J.
Holliday, D. Agrawal and A. El Abbadi
Department
of Computer Science
University
of California, Santa Barbara, CA 93106
Transaction
processing [1,3] is an important application of computer technology. Transactions are used in a wide range of
applications, such as banking systems, airline reservation systems, and
organizational information systems. One
of the primary goals of a transaction processing system is to allow several
users to interact with the data in the system simultaneously while preserving
the illusion that each user is executing alone. In order to do this, users interact with the data through
transactions. In this article, we
present a brief description of standard models for transactions and transaction
processing. Additional information
about this topic is readily available in several books on transaction
processing including [1,3].
A
system that uses transactions can be thought of as a collection of objects or
data resources with a persistent state that satisfies a set of integrity
constraints. For example, in a bank, an
integrity constraint may be that no account can have a negative balance. Users interact with the system by executing
programs that perform the functions desired by the users. The execution of such programs results in a
partially ordered set of read and write operations. This set of operations is called a transaction. For example, a user wishing to withdraw $50
from an account x, may execute a program resulting in the following
transaction:
read_1[x,200]
write_1[x,150] commit_1
We use read_1
[x,v] to refer to a read operation executed by transaction 1, where the
read value is v; write_1[x,v]
refers to a write operation executed by transaction 1 with value v. A transaction terminates by either executing
a commit or an abort operation.
A commit operation implies that the transaction was successful, and
hence all its updates should be incorporated into the persistent state of the
data. An abort operation indicates that
the transaction has failed, and hence requires the system to cancel or abolish
all its effects on the persistent state.
Traditionally,
transactions are expected to satisfy the following four conditions, known as
the ACID properties [2,3]. Atomicity,
refers to the fact that all the operations of a transaction must be treated as
a single unit; hence, either all the operations are executed, or none. Consistency requires a transaction to
be correct, i.e., if executed alone, the transaction takes the system from one
consistent state to another. Note that
a transaction may (or by necessity must) violate some of the integrity
constraints during its execution.
However, once it terminates (commits), it must restore the system to a
consistent state. When transactions are
executed concurrently, the transaction processing system must ensure that the
execution of a set of concurrent and correct transactions also maintains the
consistency of the data. Isolation
requires each transaction to observe consistent data, i.e., not to read the
intermediate results of other transactions.

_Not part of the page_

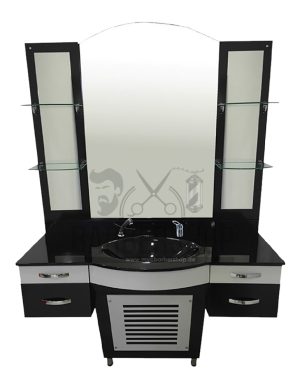 BARBER BEDİENPLÄTZE  MYC-558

Finally, durability requires the results of a committed
transaction to be made permanent in the system in spite of failures.
The
ACID properties of transactions are usually ensured using two algorithms or
protocols that ensure execution atomicity, and failure atomicity. Execution atomicity refers to the problem of
ensuring the overall consistency of the data, and hence the consistency
property of transactions, even when they are executed concurrently. Protocols that ensure execution atomicity
are called concurrency control protocols. Failure atomicity ensures the all-or-nothing as well as isolation
and durability properties. Protocols
that ensure failure atomicity are usually referred to as recovery
protocols.
One of the
main objectives of a transaction processing system is controlling and
coordinating the execution of a set of concurrent transactions accessing shared
data and resources. This may also be
stated as requiring different transactions to access shared data without
interfering with each other and still preserving the integrity constraints of
the system.
Consider
a bank account s, and two transactions, each withdrawing $200 when the
account has an initial balance of $300.
We assume that a withdraw transaction is executed by first reading the
value of account s, and then writing it with the new value. The operations of withdrawal transaction 1
are allowed to interleave with the operations of withdrawal transaction 2 as
follows:
read_1[s,300]
read_2[s,300] write_2[s,100] write_1[s,100]
In this
execution, both transactions read the same initial value, and then update the
account with the new value $100. Note
that as far as each transaction is concerned, the integrity constraint of
non-negative accounts is not violated.
However, in the interleaved execution, the overall result does not
reflect the correct execution of two withdraw transactions. In particular, if the two transactions were
not interleaved, the second of the two transactions would have violated the
integrity constraints, and hence would not have been executed. Alternatively, if in the above interleaved
execution the withdraw transactions are replaced with transactions that deposit
$200, both transactions would have written $500. In this case, $200 would have disappeared. Again this is not acceptable. This problem is known as the missing
or lost update problem.
Consider
another type of transaction that transfers money from a savings account to a
checking account. Also, the transfer
transaction was executed concurrently with a balance inquiry transaction that
computes the total amount in both accounts.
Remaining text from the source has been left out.